Lantaran sering membicarakan proyek, Dadang pun kemudian membuka kios fotokopi di depan Masjid Kaloran. Di sanalah mereka menyalin berkas-berkas tender. "Fotokopi buka 24 jam. Sekali fotokopi bisa sejuta sampai dua juta rupiah," ujar dia lagi.
Sudah hampir tiga pekan markas itu sepi. Apalagi setelah Komisi Pemberantasan Korupsi menggeledah kantor tersebut. "Tak pernah lagi ada orang kumpul-kumpul di rumah itu," ujarnya.

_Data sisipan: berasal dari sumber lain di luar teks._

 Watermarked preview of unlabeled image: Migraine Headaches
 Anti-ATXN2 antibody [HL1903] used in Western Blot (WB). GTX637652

Kantor lainnya yang diduga menjadi tempat berkerumun teman-teman Wawan dan kecipratan proyek adalah PT Sumber Agung Putra di Blok L 2 No 09 RT 003 RW 015 di Kompleks Puri Serang Hijau, Kecamatan Cipocok Jaya, Kota Serang. Namun, saat Tempo mendatangi tempat itu, tak ada papan nama perusahaan di rumah tersebut. "Itu rumah Pak Dadang Priatna, tapi dia sudah pindah sekitar sebulan yang lalu," kata Beni, warga setempat.
Bergeser ke blok lain di kompleks yang sama, ada CV Septhapratama di Blok K3/07 RT 003 RW 015. "Dulu rumah ini sering dikunjungi orang-orang berseragam PNS, termasuk Pak Dadang," ujar Desti, warga lainnya.
Direktur Eksekutif Aliansi Lembaga Independen Peduli Publik (ALIPP) Uday Suhada menyatakan, setelah kasus Wawan terbongkar, dia semakin yakin bahwa perusahaan yang mendapat tender dari pemerintah Banten tidak profesional. “Buktinya kantor perusahaan yang menang tender hanya rumah biasa tanpa ada aktivitas kerja dan tidak dilengkapi papan nama,” kata dia.